The International Workshop on Document Analysis System is a major event for researchers in automatic document processing. It takes place every two years and is organised in 2022 by the University of La Rochelle in France. TEKLIA is pleased to be an official sponsor of the conference.
In addition to its support, TEKLIA will present at the conference from 22 to 25 May 2022 , two scientific papers on its work in the field of automatic handwriting recognition and automatic natural language processing:
First, a paper presenting a comprehensive comparison of HTR libraries on a new annotated corpus of historical documents in Norwegian: this is a joint work with the National Library of Norway and Lumex AS. This work has received financing from the Norwegian Research Council of Norway.
A Comprehensive Comparison of Open-Source Libraries for Handwritten Text Recognition in Norwegian by Martin Maarand, Yngvil Beyer, Andre Kåsen, Knut T. Fosseide and Christopher Kermorvant.
In this paper, we introduce a database of historical handwritten documents in Norwegian, the first of its kind, allowing the development of handwritten text recognition models (HTR) in Norwegian. In order to evaluate the performance of state-of-the-art HTR models on this new base, we conducted a systematic survey of open-source HTR libraries published between 2019 and 2021, identified ten libraries and selected four of them to train HTR models. We trained twelve models in different configurations and compared their performance on both random and scripter-based data splitting. The best recognition results were obtained by the PyLaia and Kaldi libraries which have different and complementary characteristics, suggesting that they should be combined to further improve the results.

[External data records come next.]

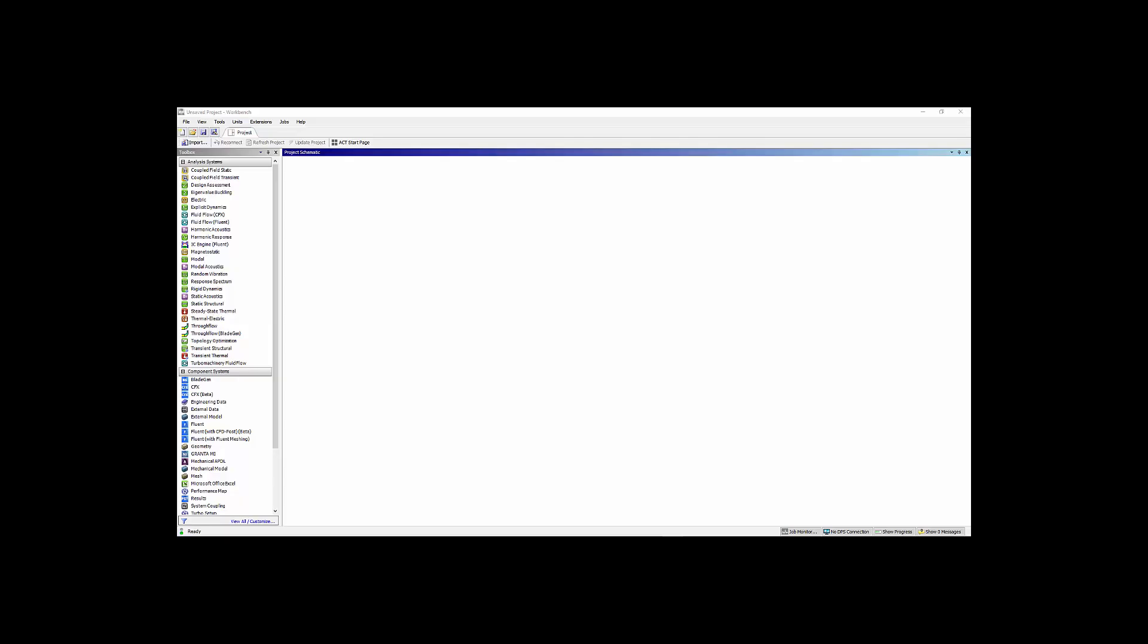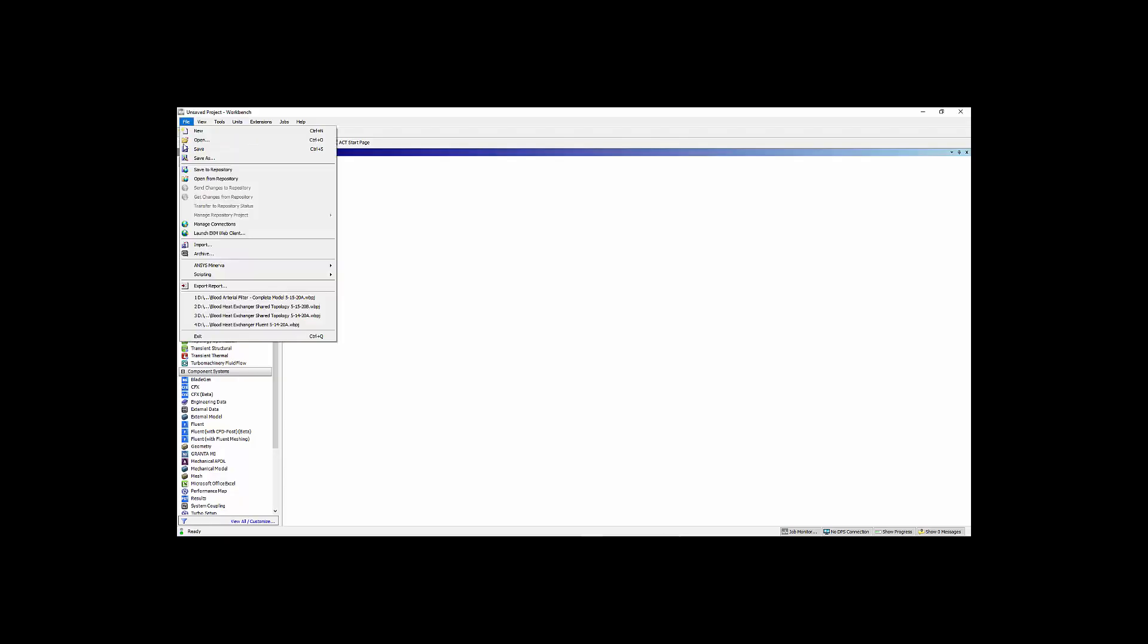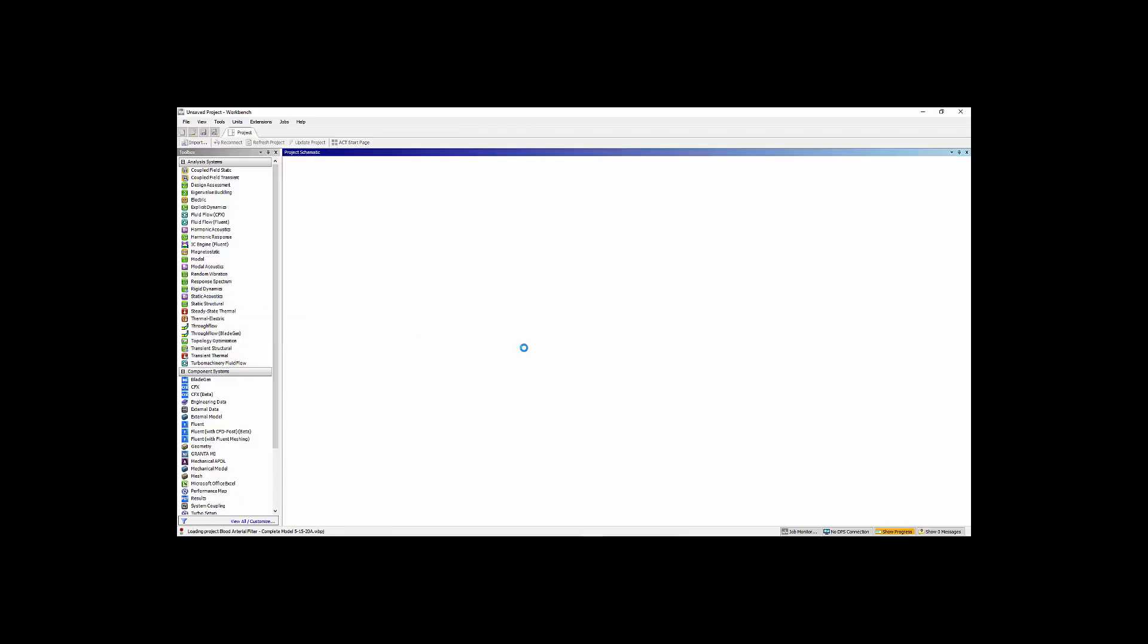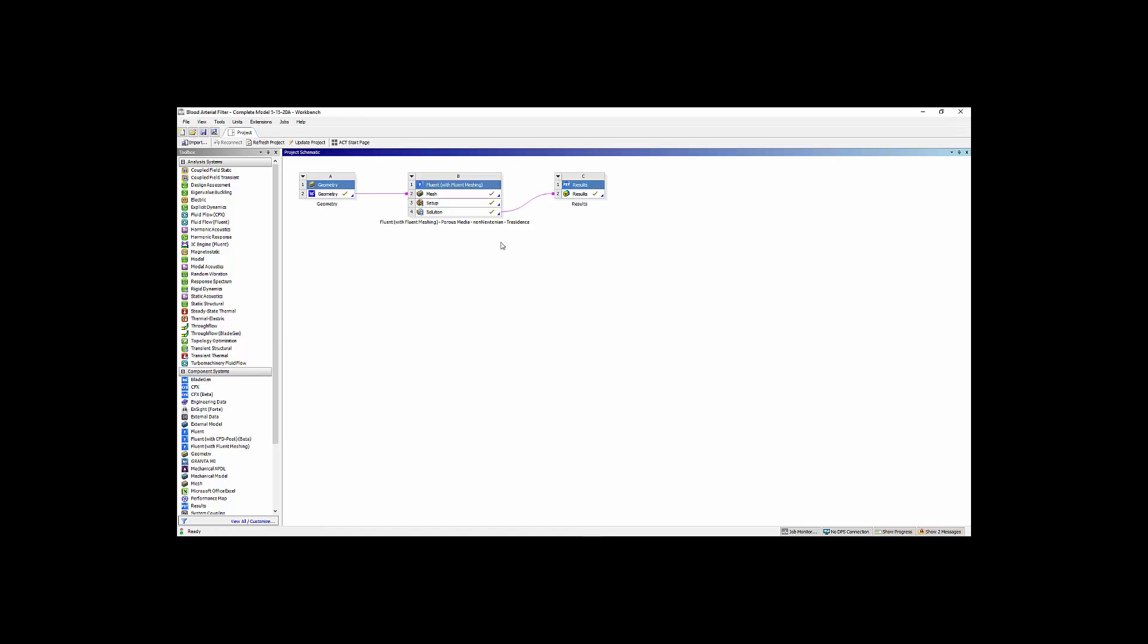So we'll open up Workbench. This is a shortcut I've created. I then go to file and select the file that I just recently completed. This is the model again, that has the complete porous media, non-Newtonian residence time simulation. We're going to double click on the Space Claim geometry component.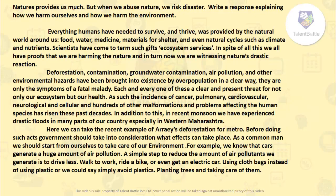The fourth essay topic is: 'Nature provides us much, but when we abuse nature we risk disaster. Write a response explaining how we harm ourselves and how we harm the environment.' In the first paragraph, I have written what nature gives us. Everything humans have needed to survive and thrive was provided by the natural world: food, water, medicine, materials for shelter, and natural cycles such as climate and nutrients. Scientists have come to term such gifts as ecosystem services.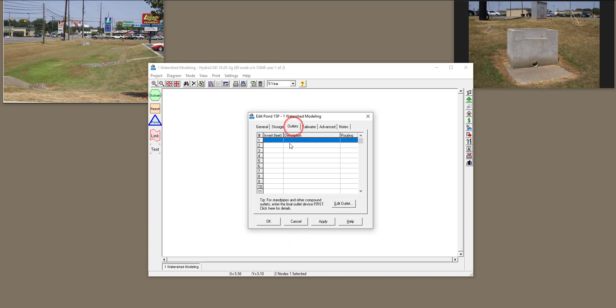Now, I'm going to define the outlet. I'm going to assume only one structure, a weir, over here. So I'm going to assume that there is no orifice, although you can define an orifice over here as well, but I'm going to assume you only have a weir.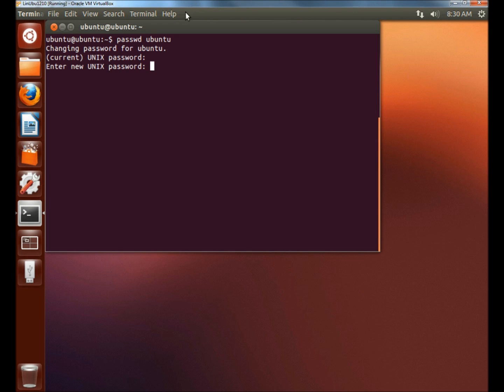Now I need to enter the new password and hit enter. Next I need to confirm the password by retyping it.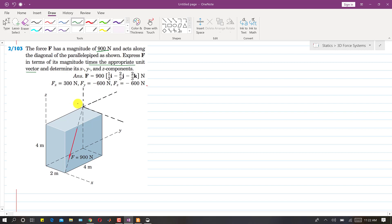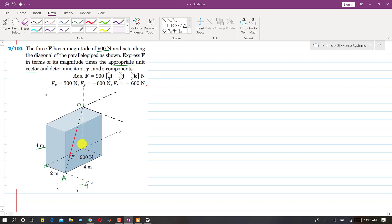We also need to determine the x, y, and z components of this force. Let's assume this is the origin — we have moved the origin to this point. This is point A, so the line of action of this force is specified by two points: the origin and point A. To reach point A from the origin, we travel minus 4 in the z-direction, minus 4 in the y-direction, and plus 2 meters in the x-direction. So the coordinates of point A are (2, −4, −4).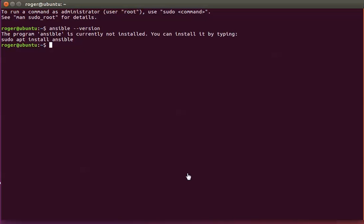Hello, welcome to this short video tutorial on how to install Ansible on Linux. Today we're going to install Ansible on an Ubuntu machine.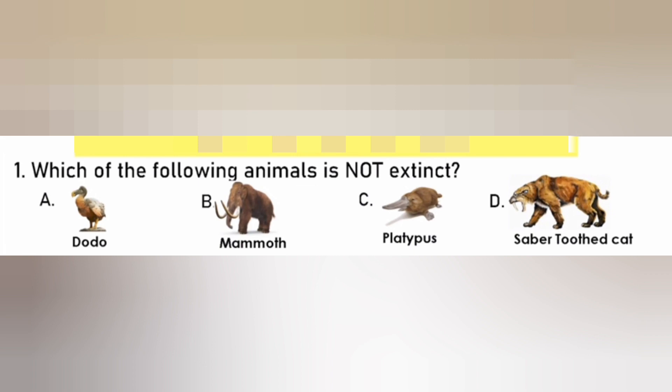Which of the following animal is not extinct? Dodo, Nanner, Plaggpuss, Cybertothic, Cat? The answer is C. Plaggpuss.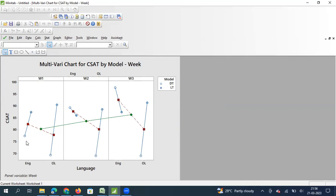I hope this video was useful to understand the multivari chart. It is not one of the commonly used charts, but it is very interesting and useful when you want to show a single response variable - in this case CSAT score - and analyze the role of up to four factors. If you use the first three factors with time series as the third factor like day, week, or month, you will clearly see the interaction effect between factors and identify both main effects and interaction effects on your response parameter. Thank you and we will meet again in other Minitab videos.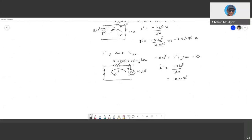So I prime due to the 5-volt source is −2.5∠−90°, and I double prime is 10∠−90° amperes. You cannot simply add these two currents together, because I prime comes from omega = 100 rad/s and I double prime comes from omega = 50 rad/s. The frequencies of the two voltage sources are different, so you cannot add them up.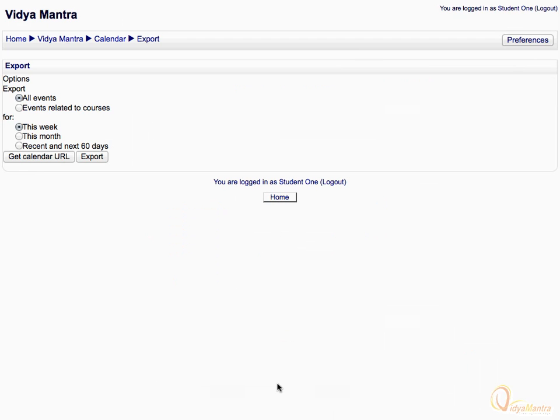Select your preferred settings for the calendar export. You can either export the calendar, or copy the calendar URL to directly paste it.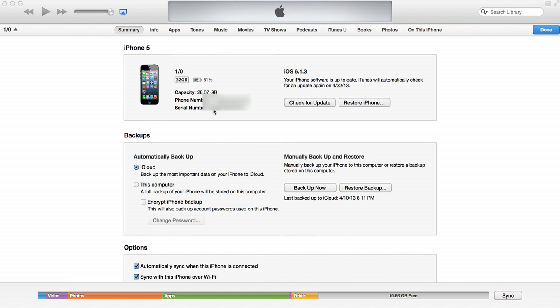I've plugged my phone into my computer and I am looking at the summary page of my iPhone 5. Right here it says Backups. Right now we see that my phone is set to automatically backup to iCloud, but I can also manually backup and restore. If I click Backup Now, it would back this up to iCloud, or if I click this button, it would back up to the computer.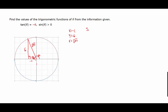The sine of theta, which is y over r, will be six over the square root of 37. We rationalize that by multiplying the top and bottom by the square root of 37, and wind up with six times the square root of 37 over 37.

Our second paper is a comparison of NER libraries for historical document:
A Comprehensive Study of Libraries for Named Entity Recognition, by Claire Bizon Monroc, Blanche Miret, Marie-Laurence Bonhomme and Christopher Kermorvant.
In this paper, we propose an evaluation of several state-of-the-art open-source natural language processing (NLP) libraries for named entity recognition (NER) on handwritten historical documents: spaCy, Stanza and Flair. The comparison is carried out on three low-resource multilingual datasets of handwritten historical documents: HOME (a multilingual corpus of medieval charters), Balsac (a corpus of parish records from Quebec), and Esposalles (a corpus of marriage records in Catalan). We study the impact of the document recognition processes (text line detection and handwriting recognition) on the performance of the NER. We show that current off-the-shelf NER libraries yield state-of-the-art results, even on low-resource languages or multilingual documents using multilingual models. We show, in an end-to-end evaluation, that text line detection errors have a greater impact than handwriting recognition errors. Finally, we also report state-of-the-art results on the public Esposalles dataset.